**TASK ITEM**
Return all of the data exactly, with nothing left out but the pictures.
DATA BELOW: Begin
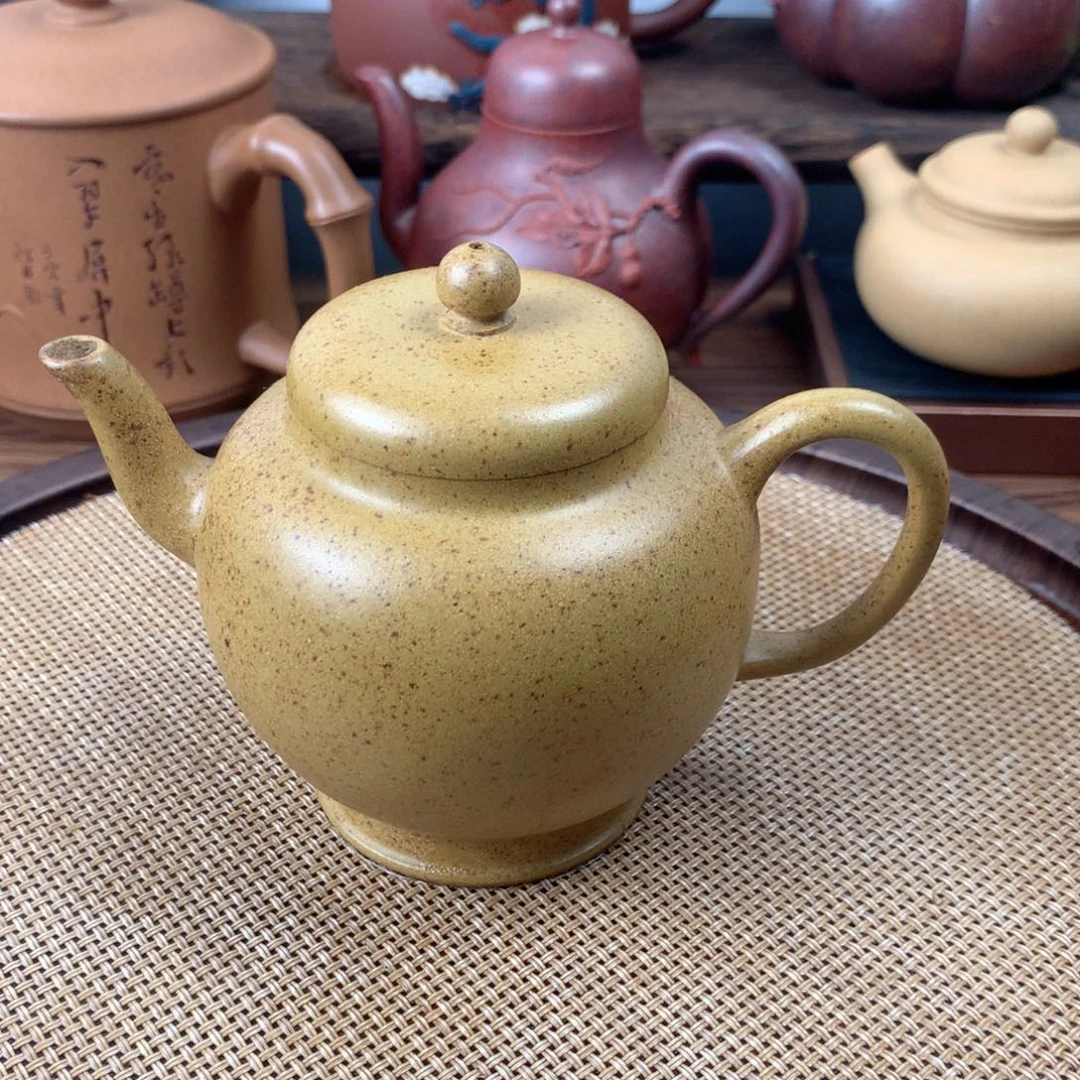 紫砂茶杯紫矿绿梨金泥古法柴窑烧制手工明式宫灯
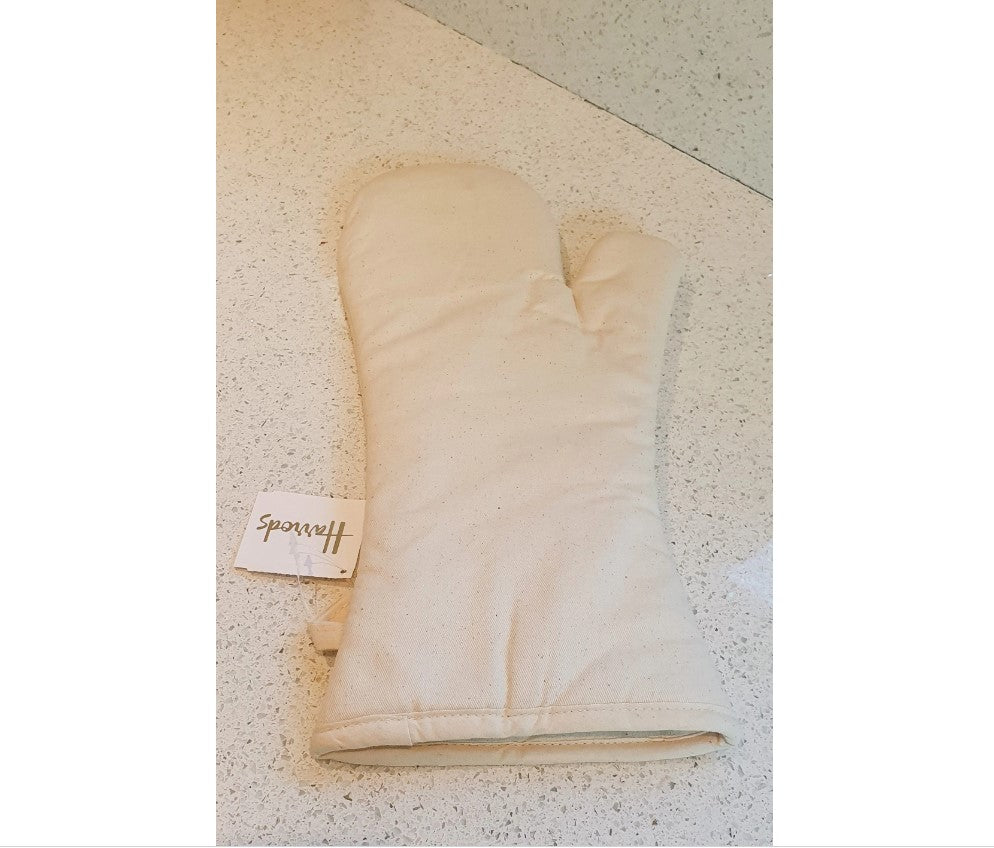 Harrods Oven Glove, Harrods, Long Oven Gauntlet, Harrods Oven Glove, Oven Mitt, Harrods Gift, Harrods
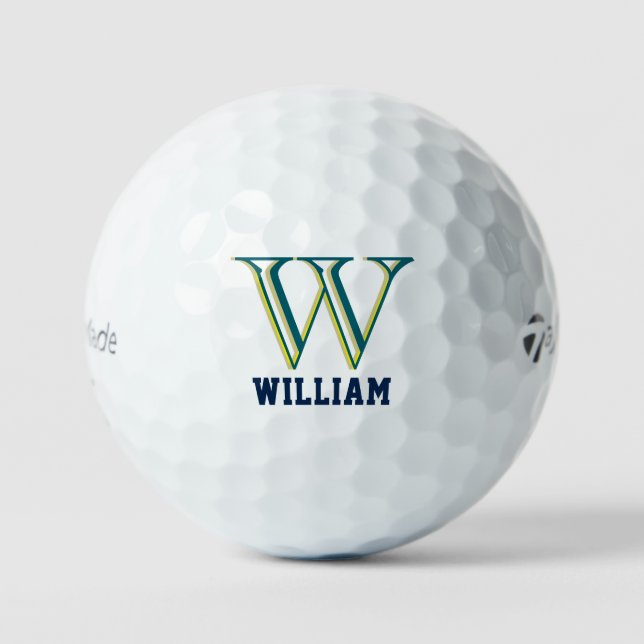 Create Your Own Personalize Branded Monogram Golf Balls (Front)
DATA BELOW: End
**COMPLETED EXERCISE**
 紫砂茶杯紫矿绿梨金泥古法柴窑烧制手工明式宫灯
 Harrods Oven Glove, Harrods, Long Oven Gauntlet, Harrods Oven Glove, Oven Mitt, Harrods Gift, Harrods
 Create Your Own Personalize Branded Monogram Golf Balls (Front)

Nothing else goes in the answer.